Verfahrensgang
LG Berlin (Entscheidung vom 03.11.1980; Aktenzeichen 17 O 30/79) |
Tenor
Die Berufung des Beklagten gegen das am 3. November 1980 verkündete Urteil der Zivilkammer 17 des Landgerichts Berlin wird zurückgewiesen.
Wegen eines offenbaren Versehens wird der Tenor des genannten Urteils berichtigt und wie folgt neu gefaßt:
I. Der Vollstreckungsbescheid des Amtsgerichts Reutlingen vom 9. Januar 1979 - B. - wird in Höhe von 5.000,- DM nebst 4 % Zinsen seit dem 28. November 1978 aufrechterhalten.
II. Es wird festgestellt, daß der Beklagte verpflichtet ist, der Klägerin 80 % ihres zukünftigen materiellen Schadens aus dem Verkehrsunfall vom 19. Oktober 1977 zu erstatten, soweit Ansprüche nicht auf Sozialversicherungsträger übergehen.
III. Im übrigen wird der genannte Vollstreckungsbescheid aufgehoben und die Klage abgewiesen.
IV. Von den Kosten des ersten Rechtszuges tragen die Klägerin 9/20 und der Beklagte 11/20. Hiervon auszunehmen sind die Kosten der Säumnis des Beklagten, die dieser allein zu tragen hat.
Die Kosten des Berufungsrechtszuges werden dem Beklagten auferlegt.
Das Urteil ist vorläufig vollstreckbar.
Der Wert der Beschwer beträgt 9.000,- DM.
Tatbestand
Am 19. Oktober 1977 kam der Beklagte mit seinem Pkw P., polizeiliches Kennzeichen ..., in A. auf der Straße zwischen O. H. und C. von der Fahrbahn ab und stürzte in einen Fluß. Die auf dem Beifahrersitz sitzende, nicht angeschnallte Klägerin wurde verletzt.
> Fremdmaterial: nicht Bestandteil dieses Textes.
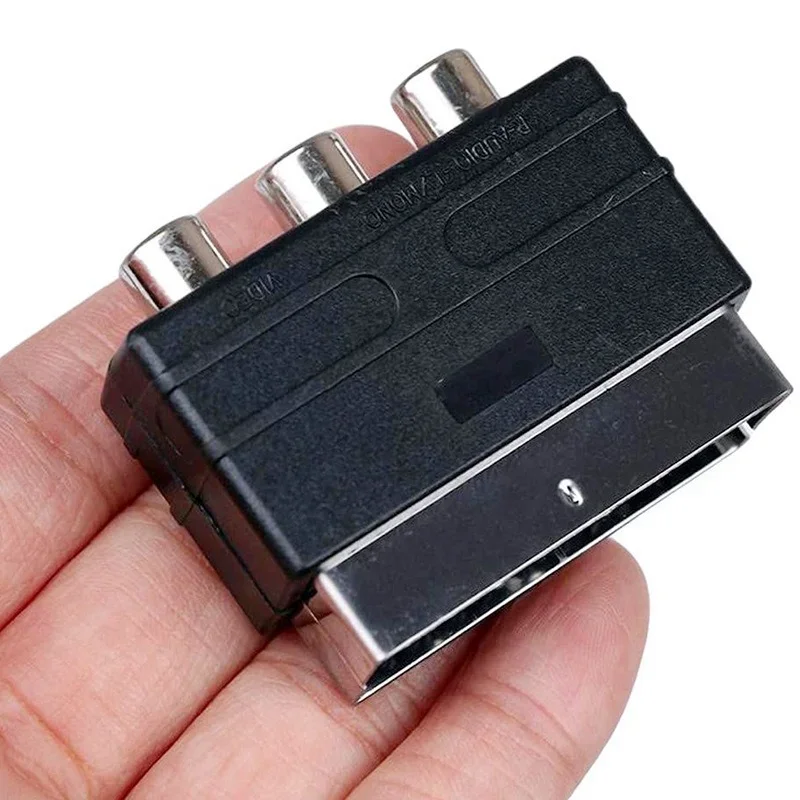 High Quality Scart Male Plug To 3RCA Phono Female AV TV Audio Video Adapter Input for PS4 for WII DVD VCR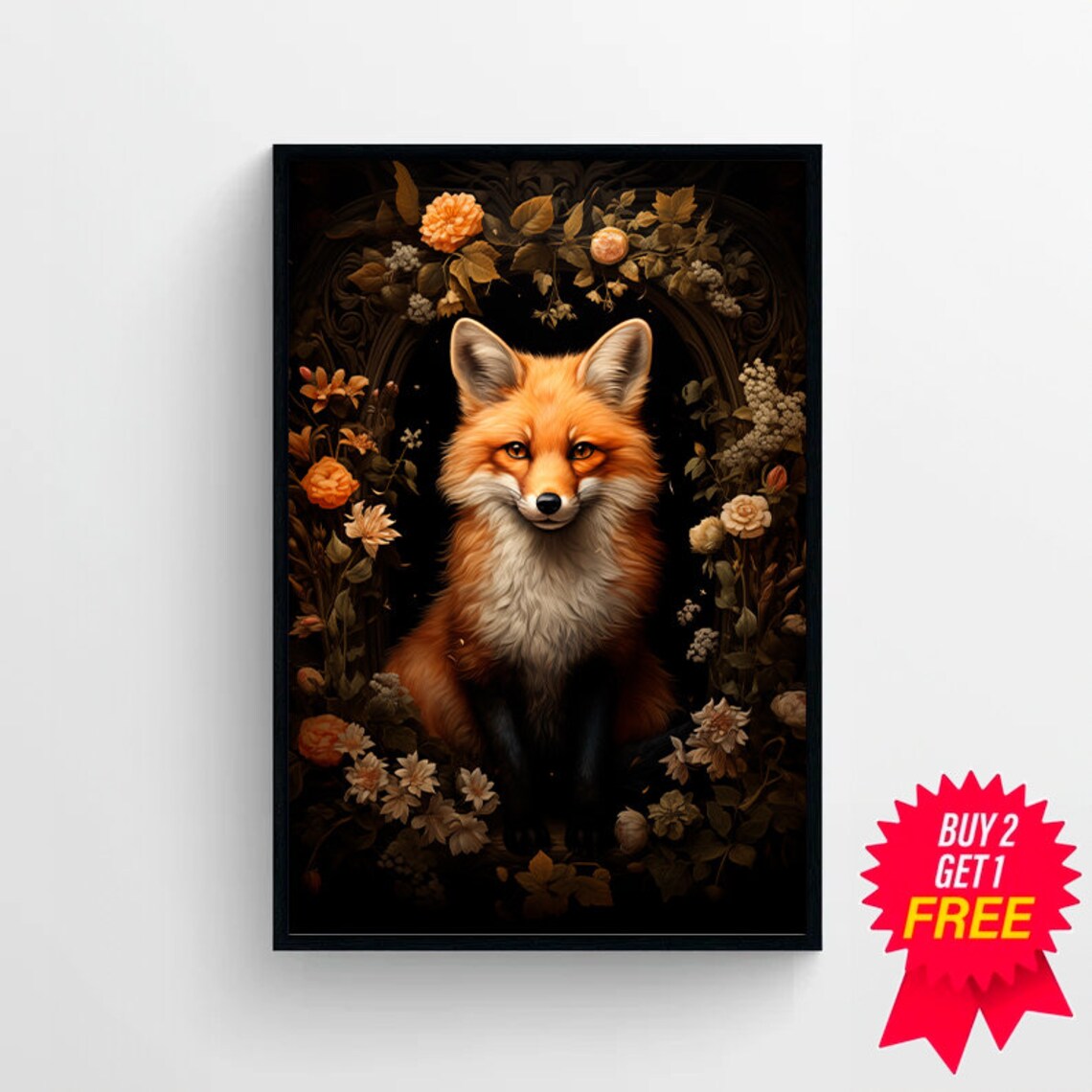 Red Fox Framed by Flowers on Dark Botanical Background Wildlife Art Poster - Image 4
Sie erlitt eine Gehirnerschütterung, eine Ellenbogengelenk-Luxation links, eine Oberschenkelfraktur links, Schnittwunden und Prellungen des linken Augenlides, des rechten Armes und der rechten Hand. Sie wurde in der chirurgischen Abteilung des Krankenhauses Constantine erstversorgt und am 21. Oktober 1977 mit dem Flugzeug in die berufsgenossenschaftliche Unfallklinik Tübingen verlegt, wo sie bis zum 25. November 1977 verblieb. Vom 8. bis zum 24. Dezember 1977 wurde sie im Kreiskrankenhaus Reutlingen wegen einer Hepatitis epidemica und eines Thyphus abdominalis stationär behandelt. Seit dem 7. Februar 1978 ist sie wieder arbeitsfähig. Der Oberschenkelmarknagel wurde im April 1981 im Krankenhaus entfernt; das bewirkte eine abermalige, rund sechswöchige Arbeitsunfähigkeit.
Die Klägerin hat gegen den Beklagten wegen ihrer Schadensersatzansprüche aus dem Verkehrsunfall einen Vollstreckungsbescheid des Amtsgerichts Reutlingen vom 9. Januar 1979 über 10.000,- DM mit 4 % Zinsen seit dem 28. November 1978 erwirkt. Nach rechtzeitigem Einspruch des Beklagten hat sie zur Begründung ihres Anspruchs vorgetragen: Der Beklagte habe wegen zu hoher Geschwindigkeit die Herrschaft über den Wagen verloren. Sie glaube nicht, daß im Fahrzeug Sicherheitsgurte vorhanden gewesen seien, auch der Beklagte sei nicht angeschnallt gewesen. Nach dem Unfall habe sie im verseuchten Wasser des Flußbettes gelegen, wodurch sie sich auch eine Entzündung der Bauchspeicheldrüse, eine Typhuserkrankung und eine Hepatitis zugezogen habe.
Die Klägerin hat zuletzt beantragt,
1. den Beklagten zu verurteilen, an sie ein in das Ermessen des Gerichts gestelltes Schmerzensgeld nebst Zinsen seit dem 28. November 1978 zu zahlen,
2. festzustellen, daß der Beklagte verpflichtet sei, ihr allen künftigen materiellen Schaden aus dem Verkehrsunfall vom 19. Oktober 1977 zu ersetzen, soweit Ansprüche nicht auf Sozialversicherungsträger übergingen.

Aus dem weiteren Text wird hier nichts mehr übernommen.